Have you ever wondered why there are so many different religions in the world? Everywhere on earth, during any period of time, we find humans worshiping something. There are churches, temples, altars, and meeting places for meditation in every part of the world. Why? The answer is that we are hardwired to worship God. It is build-in to our nature as human beings. The problem is that this natural drive to worship God is distorted by our sin causing us to worship the wrong thing. We “suppress the truth,” as the apostle Paul says in Romans 1, exchanging “the glory of the immortal God for images resembling mortal man and birds and animals and creeping things” (Rom 1.18-23). This is deadly, for worshiping anything other than our Creator invites God’s wrath.
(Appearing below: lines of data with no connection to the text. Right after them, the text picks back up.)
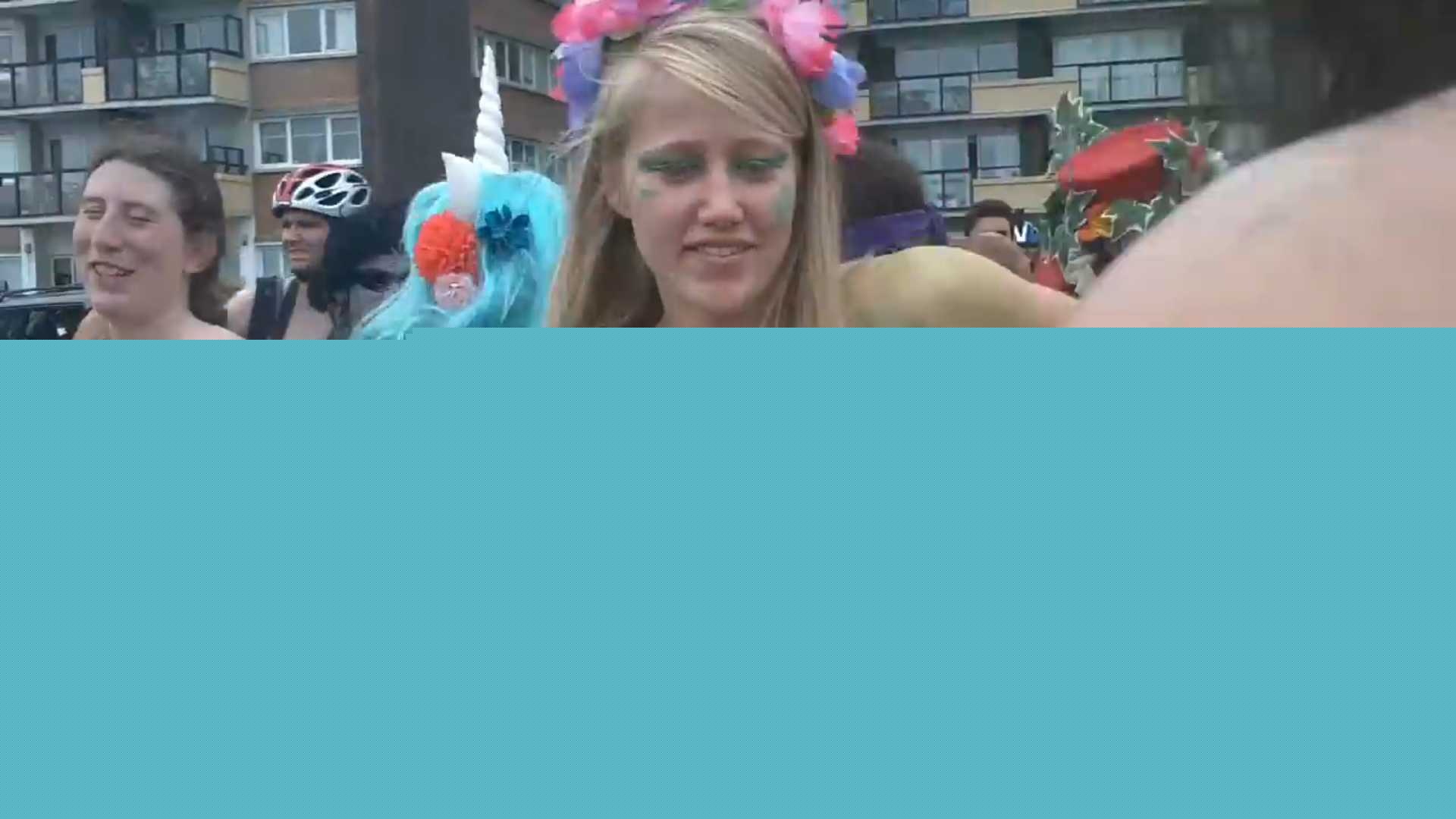 美国裸体自行车竞赛现场 3 美国裸体自行车竞赛现场 3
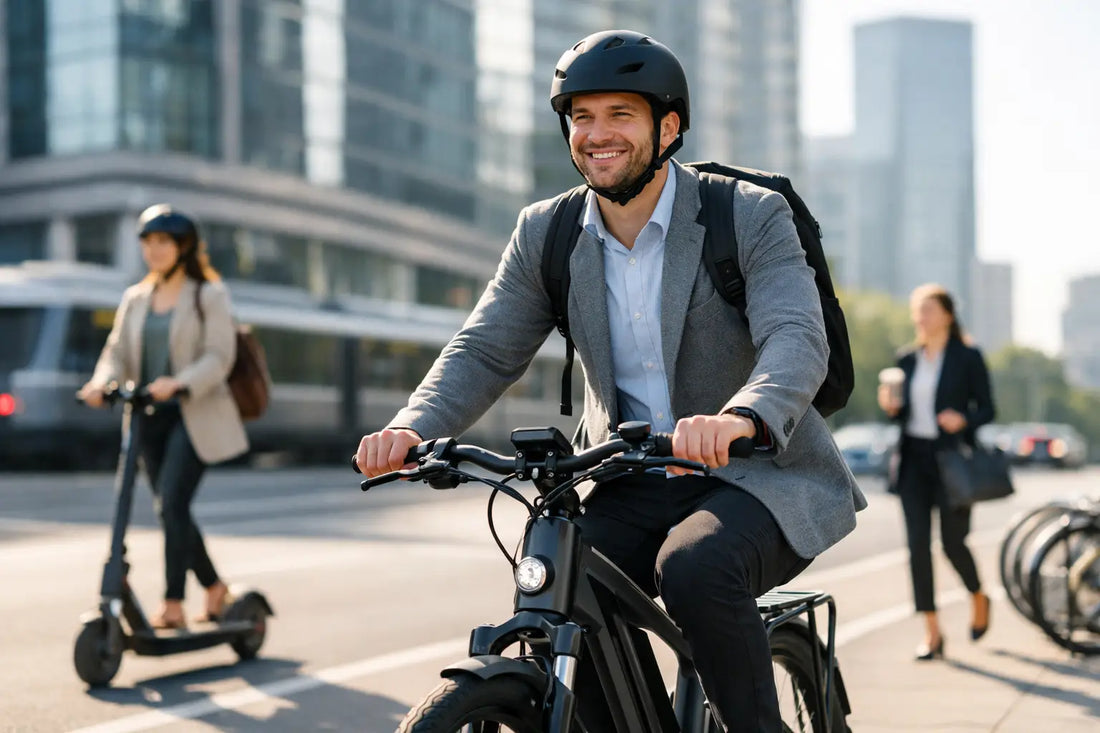 Electric Bike Commuter Benefits That Matter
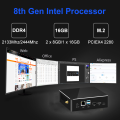 Computer desktop Mini di Intel 8th Gen Core i5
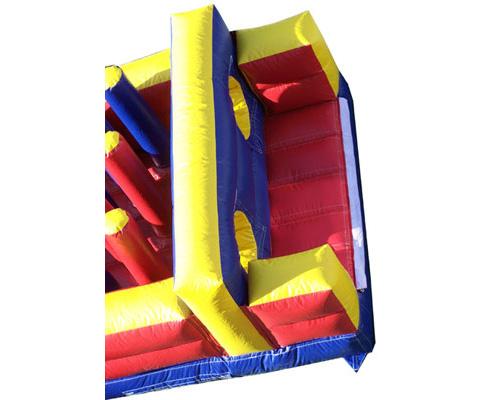 olympic 20 inflatable obstacle course rentals party rentals michigan 4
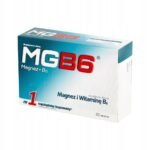MGB6 – biological active substance, stimulating lactation and vitamins in B6.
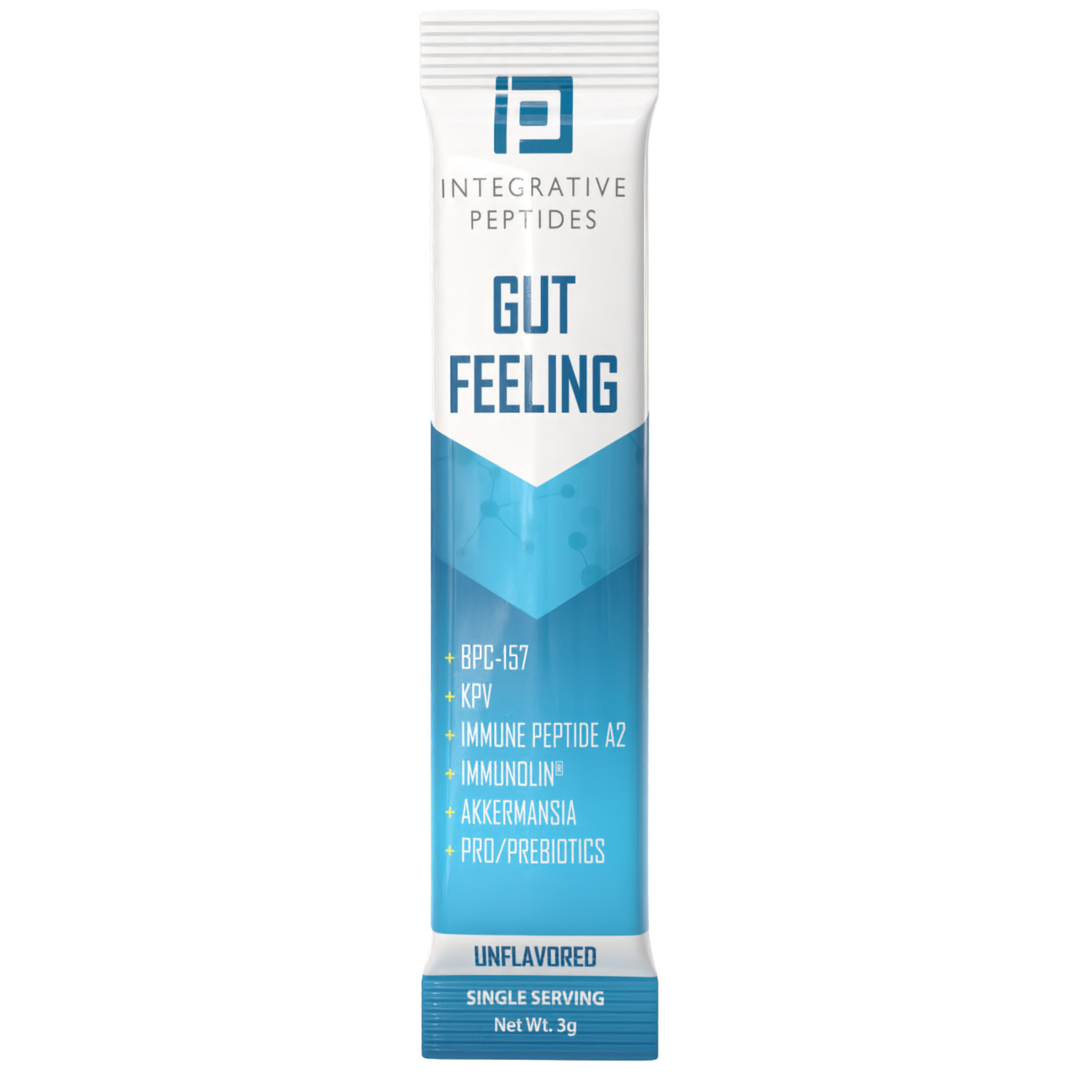 Gut Feeling Travel Sachets – Unflavored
But God has graciously provided a remedy to this problem by providing us with his Son. Christ has not only reconciled us to God through his life, death, and resurrection, cancelling our debt and earning for us eternal life, but has also provided us with the opportunity to worship the Father “in spirit and truth” (John 4.21-24). Having fulfilled all the type and shadow of Old Covenant worship, Christ has inaugurated the New Covenant. God’s people no longer gather in the temple to worship him with the sacrifice of animals, for Christ “has entered once for all into the holy places, not by means of the blood of goats and calves but by means of his own blood, thus securing an eternal redemption” (Heb 9.12).
God still calls his people to worship him in the New Covenant. We gather on the Lord’s Day to devote ourselves “to the apostles’ teaching and the fellowship, to the breaking of bread and the prayers” (Acts 2.42). We are to “offer up a sacrifice of praise to God, that is, the fruit of lips that acknowledge his name” (Heb 13.15). The weekly worship service is the place where God meets his people. He speaks to us in his Word and Sacraments, and we respond in prayer, confession, and song. He stoops down to feed our souls, strengthen our faith, and build us up as the body of Christ. We come ready to hear, ready to receive, and ready to please him.